- [Directions for this task] The range runs from the line containing "Menampilkan gameplay 92GLORY" through the last line of the material below; retype it exactly, leaving out the pictures.

- [Data segment]
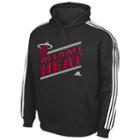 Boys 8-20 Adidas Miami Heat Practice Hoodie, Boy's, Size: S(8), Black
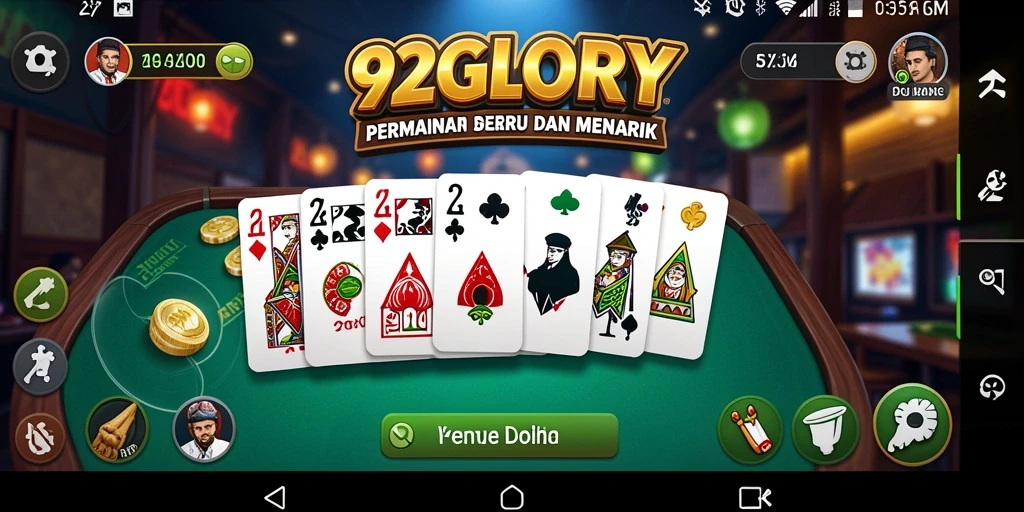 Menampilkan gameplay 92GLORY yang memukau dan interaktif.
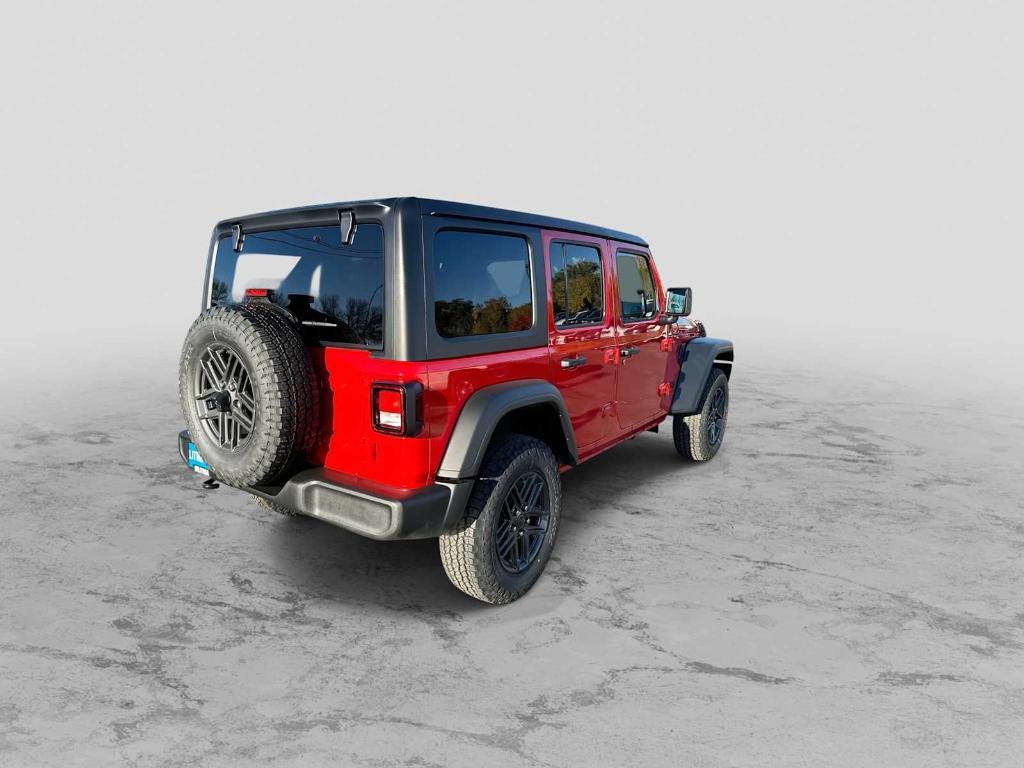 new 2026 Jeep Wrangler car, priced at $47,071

- [Written answer]
 Menampilkan gameplay 92GLORY yang memukau dan interaktif.
 new 2026 Jeep Wrangler car, priced at $47,071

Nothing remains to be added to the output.